Scatter Plot Correlation Value- Finding and Interpreting
What Is Correlation in a Scatter Plot?
A scatter plot shows the relationship between two variables. Each point on the chart represents a data pair. Correlation tells you how those points relate to each other.
That's it. You're looking for patterns. Do the points trend upward, downward, or show no pattern at all?
The Three Types of Correlation
Positive correlation: As one variable increases, the other increases. The points trend upward like a hill. Example: hours studied vs. test scores.
Negative correlation: As one variable increases, the other decreases. The points trend downward. Example: age of a car vs. its resale value.
No correlation: The points are scattered randomly. No relationship exists between the variables. Example: shoe size vs. intelligence.
Understanding the Correlation Coefficient (r)
The correlation coefficient, represented as r, gives you a number between -1 and +1. This number tells you the strength and direction of the relationship.
What the Numbers Mean
- r = +1.0 — Perfect positive correlation. Every point falls exactly on a straight line going up.
- r = 0 — No correlation at all. Random scatter.
- r = -1.0 — Perfect negative correlation. Every point falls exactly on a straight line going down.
- r = 0.5 to 0.7 — Moderate positive correlation.
- r = -0.5 to -0.7 — Moderate negative correlation.
- r = 0.8 or higher — Strong correlation. Rare in real-world data.
Quick Reference Table
| r Value | Interpretation |
|---|---|
| +0.8 to +1.0 | Strong positive |
| +0.5 to +0.7 | Moderate positive |
| +0.2 to +0.4 | Weak positive |
| -0.2 to +0.2 | Negligible/no correlation |
| -0.4 to -0.2 | Weak negative |
| -0.7 to -0.5 | Moderate negative |
| -1.0 to -0.8 | Strong negative |
How to Find the Correlation Value
Excel Method
Use the CORREL function. Select two columns of data:
=CORREL(A2:A20, B2:B20)
This returns the r value instantly.
Python Method
import numpy as np
from scipy import stats
x = [1, 2, 3, 4, 5]
y = [2, 4, 5, 4, 5]
r, p_value = stats.pearsonr(x, y)
print(f"Correlation: {r}")
Google Sheets Method
Use =CORREL(range1, range2) — same syntax as Excel.
Manual Calculation (Pearson's r)
The formula looks like this:
r = [Σ(x-x̄)(y-ȳ)] / [√(Σ(x-x̄)²) × √(Σ(y-ȳ)²)]
Don't calculate this by hand unless you enjoy pain. Use software instead.
What to Look for in the Scatter Plot Itself
You can often spot correlation without calculating anything:
- Points form a clear line → strong correlation
- Points cluster loosely around an invisible line → weak correlation
- Points form a curve, not a line → relationship exists but it's not linear
- Points look like a cloud → no correlation
Common Mistakes to Avoid
Confusing correlation with causation: Just because two variables correlate doesn't mean one causes the other. Ice cream sales and drowning rates both increase in summer. Ice cream doesn't cause drowning.

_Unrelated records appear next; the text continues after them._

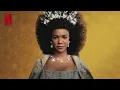 Nobody Gets Me (SZA Cover) (from Netflix's Queen Charlotte Series)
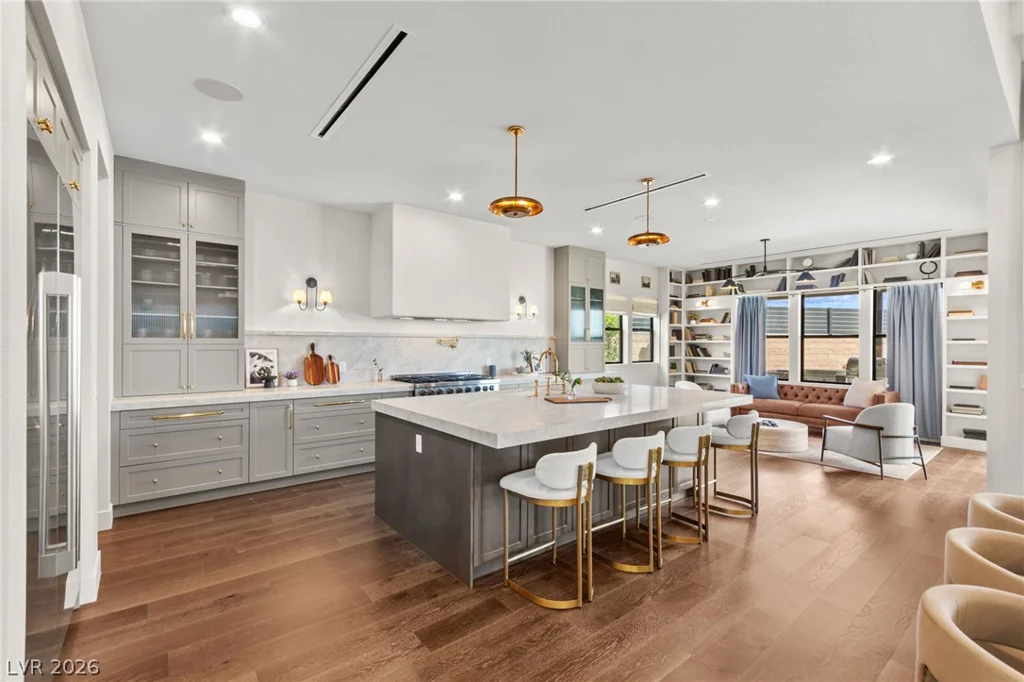 8575 Stange, Las Vegas, NV 89129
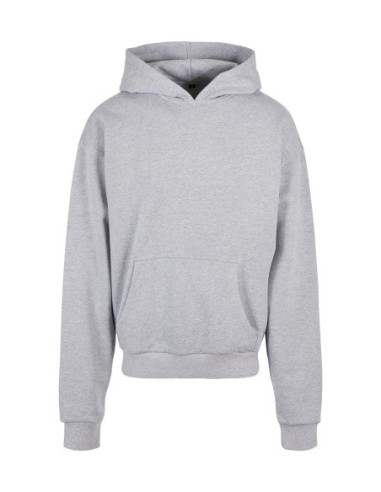 Ultra Heavy Cotton Box Hoody2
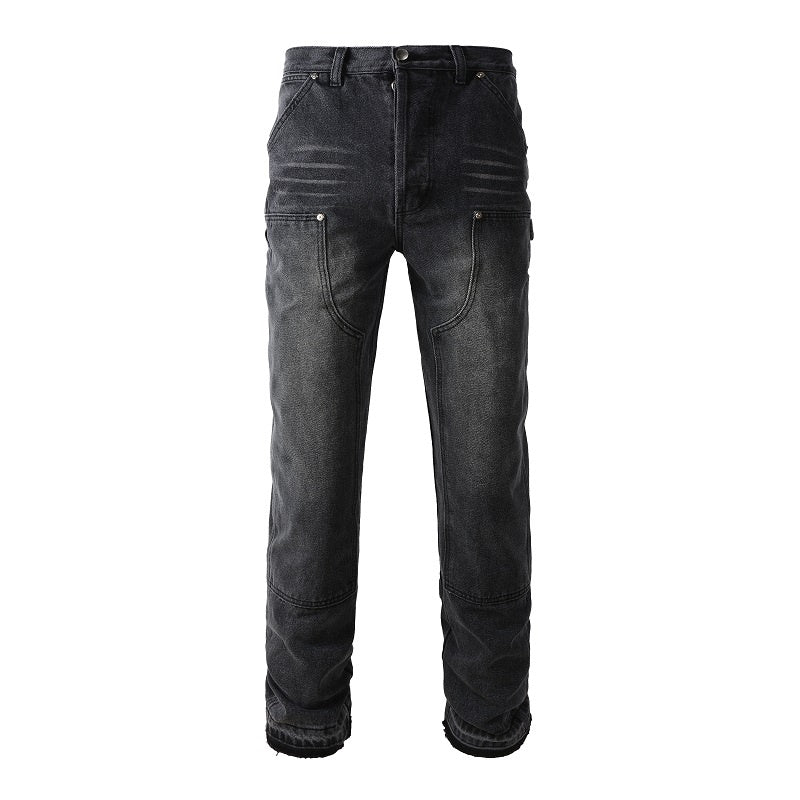 VELCEN Amiri Fashion Jeans #9301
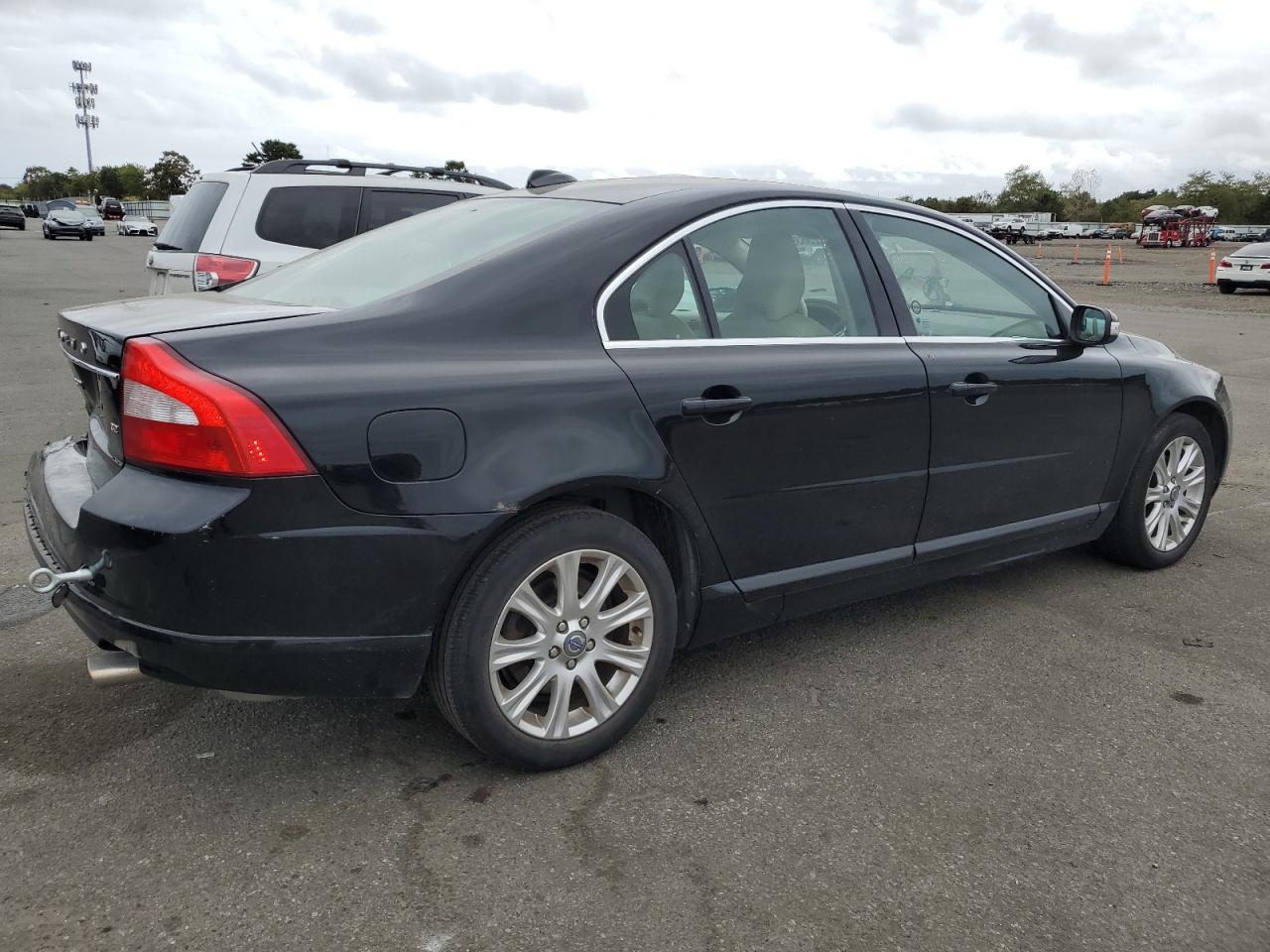 2010 Volvo S80 3.2 - Фото 3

Ignoring outliers: One extreme point can dramatically change your r value. Always visualize your data before trusting the number.
Assuming linearity: A low r value doesn't mean no relationship exists. The variables might have a curved relationship. Always plot your data first.
Small sample sizes: With 5 data points, you can get any r value by chance. Bigger samples give more reliable results.
When to Use Scatter Plots
Scatter plots work when both variables are continuous and numerical. Good use cases:
- Height vs. weight
- Temperature vs. electricity usage
- Advertising spend vs. sales revenue
Bad use cases:
- Comparing categories (use bar charts instead)
- Time series with trends (use line charts)
R-Squared: The Coefficient of Determination
You might see R² reported alongside r. R² is simply r squared. It tells you what percentage of the variation in Y is explained by X.
Example: If r = 0.8, then R² = 0.64. This means 64% of the variation in the dependent variable is explained by the independent variable. The remaining 36% comes from other factors.
Practical Example
Let's say you're analyzing study time vs. exam scores for 50 students. You collect the data, plot it, and calculate r = 0.72.
Interpretation: There's a moderate-to-strong positive relationship. Students who study more tend to score higher. But 48% of exam score variation comes from factors other than study time — natural ability, exam anxiety, quality of notes, etc.
This is useful. But you can't say studying causes better scores based on this alone.
Getting Started Checklist
- Plot your data first — never trust a number without seeing the visualization
- Check for outliers or curved patterns
- Calculate r using Excel, Python, or Google Sheets
- Square r to get R² if you need explained variation
- Report the p-value to confirm the correlation is statistically significant
- Never claim causation without controlled experiments
Correlation analysis is a starting point, not a conclusion. It tells you a relationship exists. It doesn't tell you why.